Помня о том, что посвященные в мистерии связывались клятвой нераз­глашения таинств, сейчас трудно судить о месте, которое уделялось различ­ным формам эллинских религиозных верований в жизни отдельного челове­ка. Очевиден, однако, всепроникающий архетипический резонанс архаического греческого мировидения, с наибольшей полнотой выраженно­го в главнейших эпических поэмах, порожденных греческой культурой и до­шедших до нас в гомеровских «Илиаде» и «Одиссее».

Здесь, на заре западной литературной традиции торжествовало то светлое первобытное мифологическое ощущение, которое связывает человеческую жизнь тесным родством с вечным царством богов и богинь.

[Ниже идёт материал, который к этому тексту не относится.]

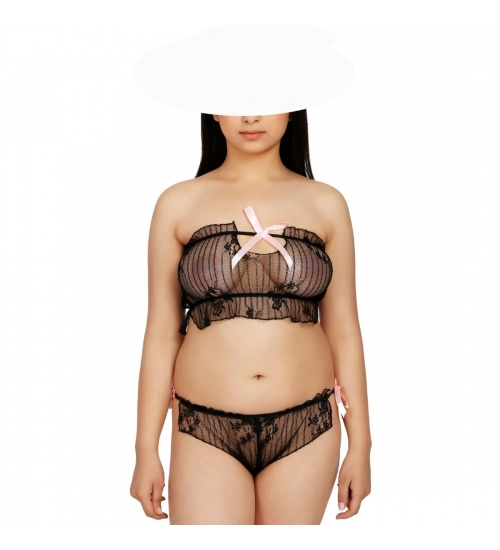 Generic Women's Lace Sheer Lace See Through Lingerie Set (Black)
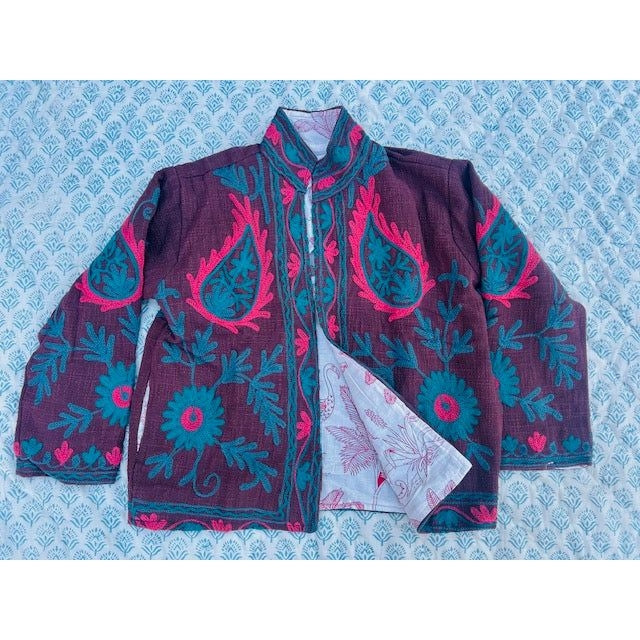 The Lucky Elephant Ladies Suzani Jacket - Burgundy with Floral Design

Архаическое мировидение греков отражало внутреннее единство мгновенного чувственного восприятия и вневременного содержания, частного обстоятельства и вселен­ской драмы, человеческих действий и божественного детерминизма. Исто­рические лица претворяли в жизнь мифический героизм, тогда как олимпий­ские божества наблюдали события в долинах близ Трои и вмешивались в них. Игра чувств в мире, будто выплеснутом наружу, сверкающем цветами и деяниями, ничуть не мешала воспринимать смысл этого мира — упорядо­ченного и мифического одновременно. Острое восприятие физического мира — морей, гор, рассветов, пиров и сражений, луков, шлемов и колес­ниц — было насквозь пронизано ощутимым присутствием богов — и в приро­де, и в человеческих судьбах. Парадоксальным образом непосредственность и «свежесть» гомеровского мировидения связаны с фактически концепту­альным пониманием мира, управляемого древней, освященной веками ми­фологией.

Даже обожествленный образ самого Гомера указывает на своеобразный нераздельный синтез индивидуального и всеобщего. Монументальные эпи­ческие поэмы явились порождением великой «коллективной души» — и, со­творенные родовым эллинским воображением, они передавались, развива­лись, становились все прекраснее — от поколения к поколению, от певца к певцу. Но даже в рамках устоявшихся клишированных образцов устной поэ­зии, присутствовавшей при рождении эпоса, живо ощущается некое личност­ное своеобразие, которое ни с чем другим не перепутаешь,— некий гибкий индивидуализм и непосредственность, ощутимые в стиле и в видении. Таким образом, «Гомер» воспринимался двояко: как поэт-личность и как обобщенное олицетворение памяти древних греков.

Те ценности, что нашли выражение в гомеровском эпосе, сложившись приблизительно в VIII веке до Р. X., не переставали вдохновлять и после­дующие поколения греков в течение всего периода античности, а множество персонажей олимпийского пантеона, родословная которых была системати­зирована несколько позже в «Теогонии» Гесиода, никогда не уходили из гре­ческой культуры и во многом определяли ее. Различные божества с их влас­тью и полномочиями указывали на то, что вселенная ощущалась неким упорядоченным целым — скорее космосом, нежели хаосом. В архаической вселенной греков не было четкого разграничения между миром природы и миром человека: в основе лежал единый порядок, заданный как природе, так и обществу, воплощая божественную справедливость — атрибут правите­ля богов Зевса. И хотя вселенский порядок был, таким образом, представ­лен обособленной фигурой Зевса,— даже Зевс в конечном итоге оказывался подвластным безличной Судьбе (Мойре), которая царила надо всем, поддер­живая определенное равновесие сил. В самом деле, боги нередко действова­ли, следуя своим капризам,— на другой же чаше весов находились челове­ческие судьбы. И все же целостность сохранялась, силы порядка одерживали верх над силами хаоса: точно так же, как в первобытной борьбе за господство над миром Олимпийцы под водительством Зевса сокрушили Гигантов; точно так же, как после долгих и полных опасностей скитаний торжествующий Одиссей вернулся наконец домой 2.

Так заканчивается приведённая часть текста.